* [Task statement]: Find "Dog Ears Unisex Heavy Cotton Tee" below and begin at its line; stop after the line with "Air Force 1". Output those lines exactly, without pictures.

* [Exercise material]:
:::::

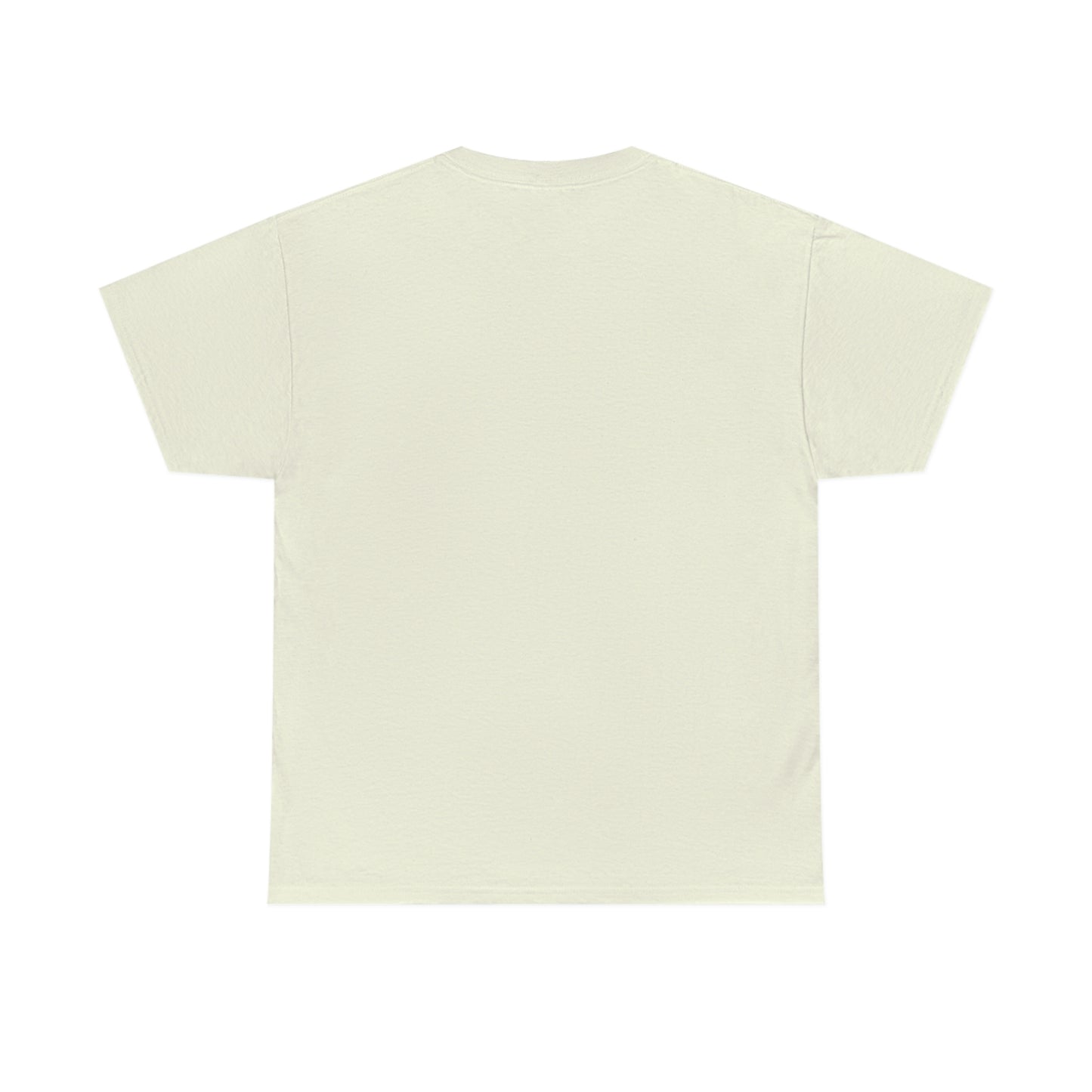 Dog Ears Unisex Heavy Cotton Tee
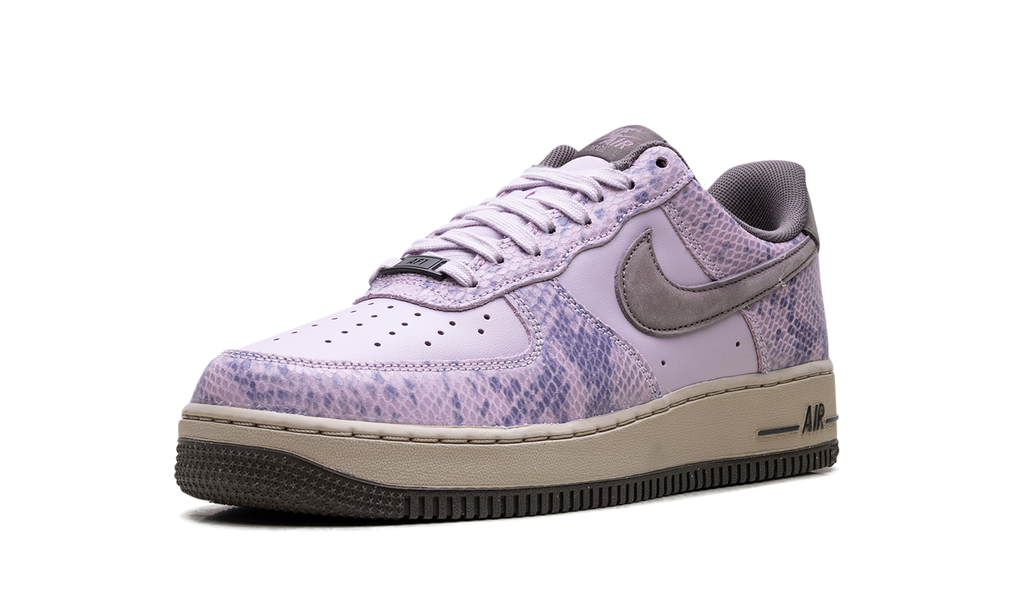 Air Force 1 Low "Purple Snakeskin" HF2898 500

:::::

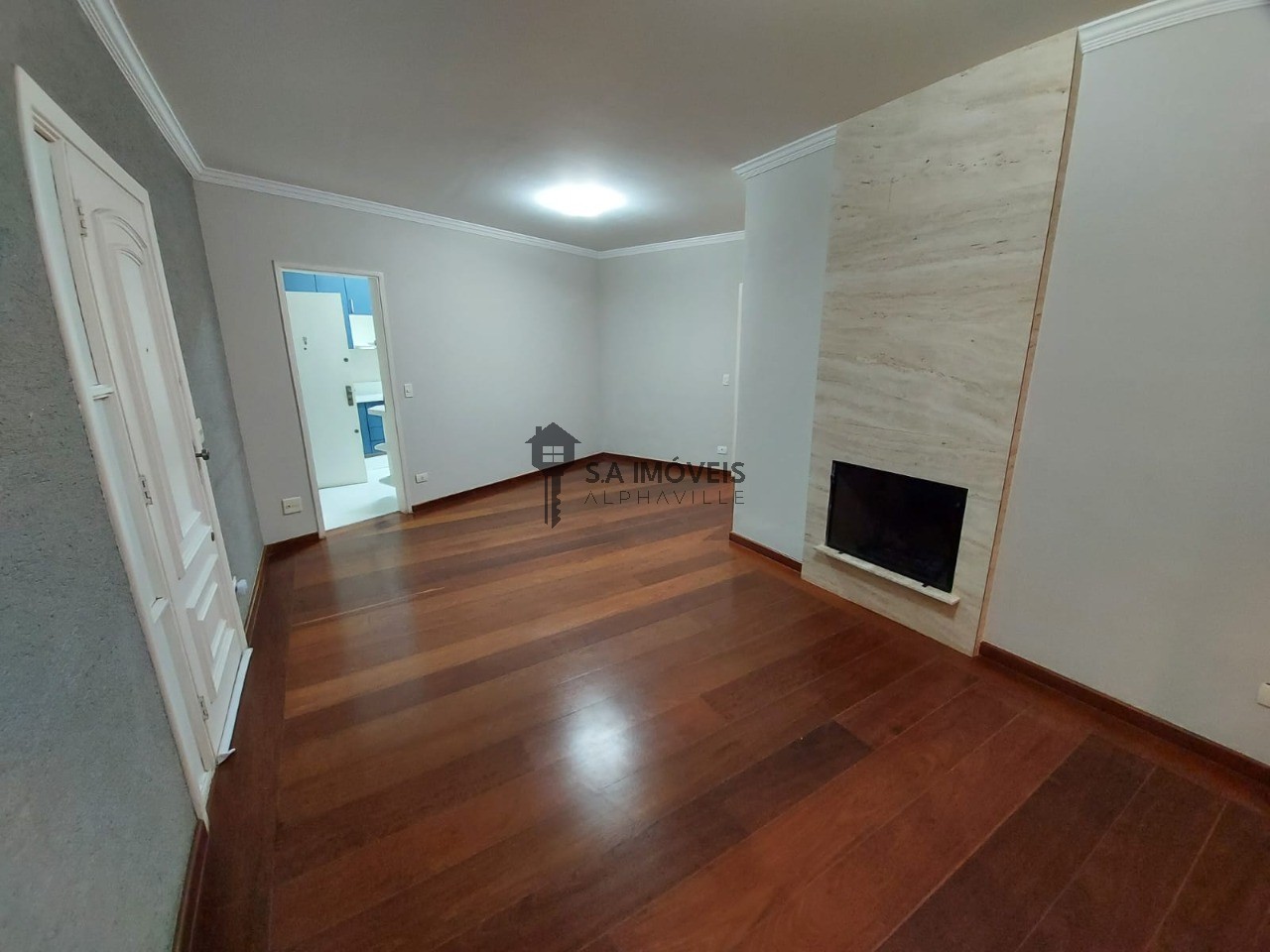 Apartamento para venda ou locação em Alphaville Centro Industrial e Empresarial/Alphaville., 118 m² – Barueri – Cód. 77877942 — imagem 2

:::::

* [Exercise response]:
 Dog Ears Unisex Heavy Cotton Tee
 Air Force 1 Low "Purple Snakeskin" HF2898 500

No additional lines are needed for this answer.